If you choose offline storage:
-
From the Amazon S3 bucket name dropdown list, choose an existing Amazon S3 bucket name, enter a new bucket name, or choose Enter bucket URL manually and enter the URL under Amazon S3 bucket address.
-
(Optional) If you have a specified directory name for your dataset, choose from the Dataset directory name dropdown list.
-
From the Table format dropdown list, choose the table format. In most use cases, you should use the Apache Iceberg table format. For more information on table formats, see Use Feature Store with SDK for Python (Boto3).
-
Under IAM role ARN, choose the IAM role ARN you want to attach to this feature group. For more information on how to find your role and attached policies, see Adding policies to your IAM role.
-
-
Under the Online store encryption key or Offline store encryption key dropdown list, choose Use AWS managed AWS KMS key (default) or Enter a AWS KMS key ARN and enter your AWS KMS key ARN under Offline store encryption key ARN. For more information about AWS KMS, see AWS Key Management Service.
-
(Optional) If you have chosen the online storage Storage type, you can choose to apply Time to Live (TTL) by toggling the switch to On and specifying the Time to Live duration value and unit. This will update the default TTL duration for all records added to the feature group after the feature group is created.
-
If you have chosen the offline storage Table format and AWS Glue (default) Table format, under Data catalog, you have the option to choose Use default values for your AWS Glue data catalog or provide your existing data catalog name, table name, and database name to extend your existing AWS Glue catalog.
-
Once all of the required information has been specified, the Continue button is available. Choose Continue.
-
Under Specify feature definitions, you have two options for providing a schema for your features: a JSON editor, or a table editor. In the JSON tab, type in or copy and paste your feature definitions in the JSON format. For the table editor, type in the name and choose the corresponding data type for each feature in your feature group. Choose + Add feature definitions to include more features. Be aware that you cannot remove feature definitions from your feature groups, but you can add and update feature definitions after the feature group is created.

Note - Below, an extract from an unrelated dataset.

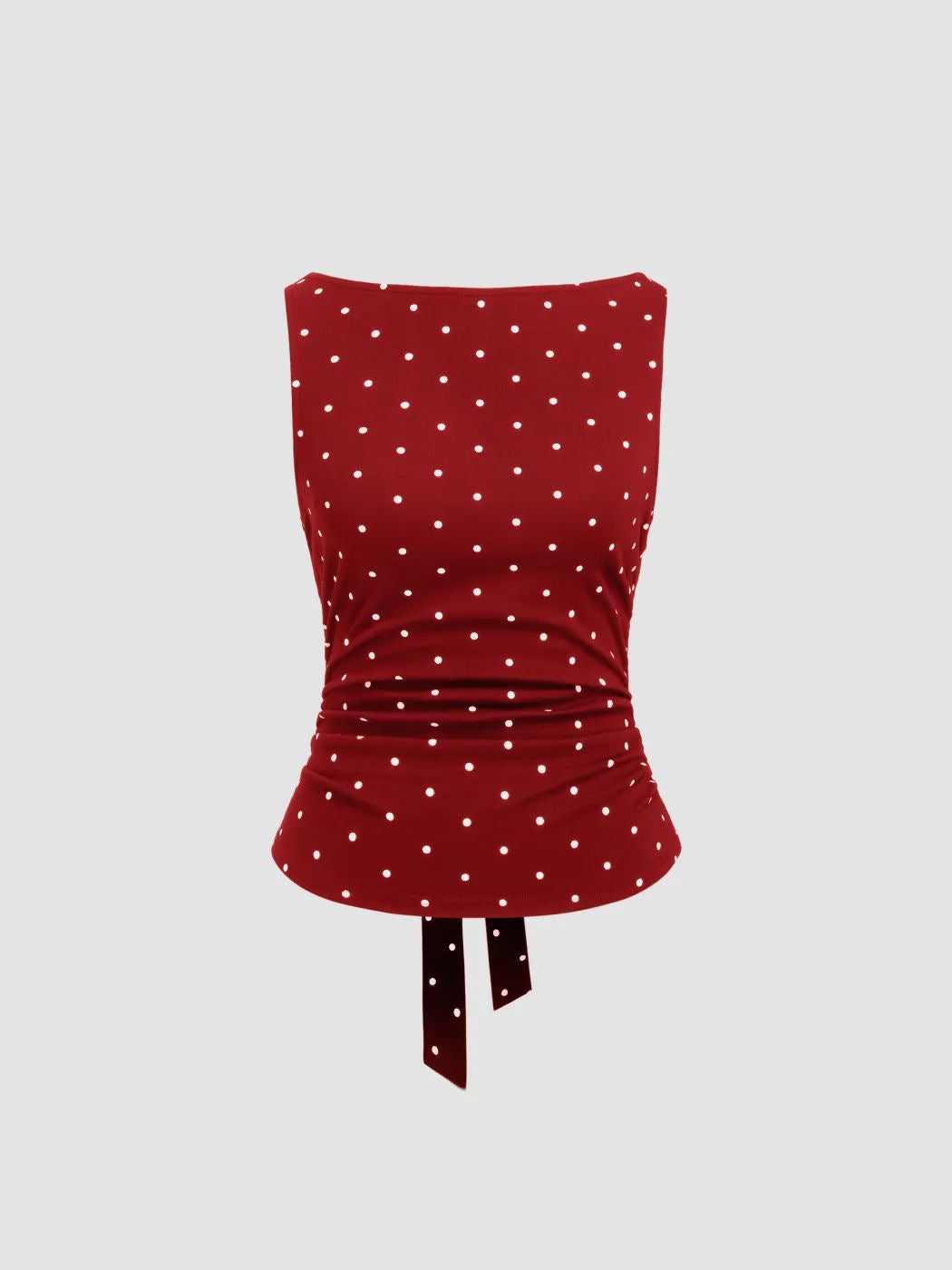 Polka Dot Ruched Back-Tie Top Bordeaux 2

There must be at least two features in a feature group representing the record identifier and event time:
-
The record Type can be a string, fractional, or an integral.
-
The event time Type must be a string or a fractional. However, if you chose the Iceberg table format, the event time must be a string.
-
-
Once all of the features are included, choose Continue.
-
Under Select required features you must specify the record identifier and event time features by choosing the feature name under Record identifier feature name and Event time feature name dropdown lists, respectively.
-
Once the record identifier and event time features are chosen, choose Continue.
-
(Optional) Add tags for the feature group by first choosing Add new tag and then entering a tag key and corresponding value under Key and Value, respectively.
-
Choose Continue.
-
Under Review feature group, review the feature group information. You may edit any step by choosing the Edit button that corresponds to that step. This brings you to the corresponding step for editing. To return to step 5, choose Continue until you return to step 5.
-
Once you have finalized the setup for your feature group, choose Create feature group.
If there are any issues with the setup, there is a red alert pop-up message that appears at the bottom of the page with tips on solving the issue. You can return to previous steps to fix them.

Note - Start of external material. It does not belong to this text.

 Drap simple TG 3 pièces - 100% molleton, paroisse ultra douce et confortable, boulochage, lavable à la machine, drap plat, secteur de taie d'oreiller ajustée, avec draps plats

If the feature group has been successfully created, a green pop-up message appears at the bottom of the page. When the feature group is successfully created, it appears in your feature groups catalog.
View feature group details in Studio
You can view details of your feature groups once a feature group has successfully been created in the Feature Store.
-
Open Studio. For more information, see Launch Amazon SageMaker Studio.
-
Choose the Home icon (
) on the left panel.
-
Choose Data.
-
From the dropdown list, choose Feature Store.
-
Under the Feature group catalog tab, choose your feature group name from the list. This opens the feature group page.
-
Under the Details tab and the Information sub-tab, you can review your feature group information, including and not limited to Latest execution, Offline storage settings, and Online storage settings.
-
Under the Details tab and the Tags sub-tab, you can review your feature group tags. Choose Add new tag to add a new tag or Remove to remove a tag.
-
On the Features tab, you can find a list of all of the features. Use the filter to refine your list. Choose a feature to view its details.
Update feature group in Studio
You can update your feature groups once a feature group has successfully been created in the Feature Store.
-
Open Studio. For more information, see Launch Amazon SageMaker Studio.
-
Choose the Home icon (
) on the left panel.
-
Choose Data.
-
From the dropdown list, choose Feature Store.
-
Under the Feature group catalog tab, search for and choose your feature group name from the list. This opens the feature group page.
-
Choose Update feature group.
-
(Optional) If your feature group uses the online store, you can update the default Time to Live (TTL). If TTL hasn't been enabled for the feature group, toggle the switch button under Time to Live (TTL) to On. You can specify the TTL value and unit under Time to Live duration. This will update the default TTL duration for all records added to the feature group after the feature group is updated.
-
(Optional) You can add feature definitions to your feature group but be aware that you cannot remove feature definitions from your feature groups. To add a feature definition, choose + Add feature definition and then specify the new feature definition name under the Name column and select the feature type under the Type column.
-
Choose Save changes.
-
To confirm your changes choose Confirm.
View pipeline executions in Studio
You can view the latest pipeline execution information for a feature or feature group under Pipeline executions, including quick links to pipelines, executions, code, and other useful execution information.
-
Open Studio. For more information, see Launch Amazon SageMaker Studio.
-
Choose the Home icon (
) on the left panel.
-
Choose Data.
-
From the dropdown list, choose Feature Store.
-
Choose a feature group or feature you wish to see the pipeline execution for.
-
Choose the Pipeline executions tab.
-
Search for a pipeline from the Select a pipeline dropdown list.
-
You can view the links for the pipeline, execution, and code details as well as view the execution owner, status, date, and duration.
View lineage in Studio
You can view the lineage of a feature group. The lineage includes the information about the execution code of your feature processing workflow, what data sources were used, and how they are ingested to the feature group or feature.
-
Open Studio. For more information, see Launch Amazon SageMaker Studio.
-
Choose the Home icon (
) on the left panel.
-
Choose Data.
-
From the dropdown list, choose Feature Store.
-
Choose a feature group or feature you wish to see the lineage for.
-
Choose the Lineage tab.
-
Choose a feature group or pipeline node to expand the node. This contains more information about a feature group or pipeline.
-
You can zoom in, zoom out, or recenter the lineage graph by using the buttons on the bottom left of the screen.
-
You can navigate the lineage map when you press Tab or Shift+Tab to switch between nodes, when you choose nodes, or when you choose and drag the screen.
-
If applicable, you can navigate the lineage upstream (left, earlier) or downstream (right, most recent) by choosing a node and then choosing Query upstream lineage or Query downstream lineage.